Friday, May 23, 2008 6:25AM
 
Inflating a Dog Audio Book (2)
Posted By: Eric Kraft

Behind the Recording of It

Part Two
As soon as Kraft has finished a book, he reads it to his ideal auditor, who happens also to be his ideal reader, one chapter a night, until he has read it all. The anticipation of that reading has given him a way of knowing when his work on a book is finished. How does he know when he has finished a book? He knows that the book is done when it seems “good enough to read to Mad.”
When Kraft was first invited to read his work to a larger audience, to give a public reading, he tried practicing in private. [The occasion was the Boston Globe Book Festival in, probably, 1982. MD] The more he practiced, the worse he got. He was almost as bad as Marcel Proust in Jean Cocteau’s description of him in The Difficulty of Being:

Lying stiffly and askew Marcel Proust would read to us, each night, Du Côté de Chez Swann. Proust would start anywhere, would mistake the page, confuse the passage, repeat himself, begin again, break off to explain that the lifting of a hat in the first chapter would reveal its significance in the last volume, and he would titter behind his gloved hand, with a laugh that he smeared all over his beard and cheeks. “It’s too silly,” he kept saying, “no . . . I won’t read any more. It’s too silly.” His voice . . . became a distant plaint, a tearful music of apologies, of courtesies, of remorse. . . . And when we had persuaded him to continue, he would stretch out his arm, pull no matter what page out of his scrawl and we would fall headlong into the Guermantes or the Verdurins household.

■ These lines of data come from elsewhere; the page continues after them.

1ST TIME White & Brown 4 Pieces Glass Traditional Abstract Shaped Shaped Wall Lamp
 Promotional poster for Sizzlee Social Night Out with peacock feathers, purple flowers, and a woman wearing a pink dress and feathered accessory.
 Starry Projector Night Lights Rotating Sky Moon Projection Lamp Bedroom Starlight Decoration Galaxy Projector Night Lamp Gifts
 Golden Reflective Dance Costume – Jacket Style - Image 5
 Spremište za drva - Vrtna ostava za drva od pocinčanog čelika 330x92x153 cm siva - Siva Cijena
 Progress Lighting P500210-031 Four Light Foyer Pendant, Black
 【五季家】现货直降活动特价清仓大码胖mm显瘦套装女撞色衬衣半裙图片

After fifty lines he would begin his performance all over again. He would groan, titter, apologize for reading so badly. Sometimes he would . . . go into a closet, where the livid light was recessed into the wall. There one would catch sight of him standing up, in his shirt sleeves, . . . holding a plate in one hand, a fork in the other, eating noodles.

With the exception of the noodles, that is much the way Kraft felt about the quality of his own reading. He thought of backing out of the festival. “I’m a writer, not a performer,” he told his publisher.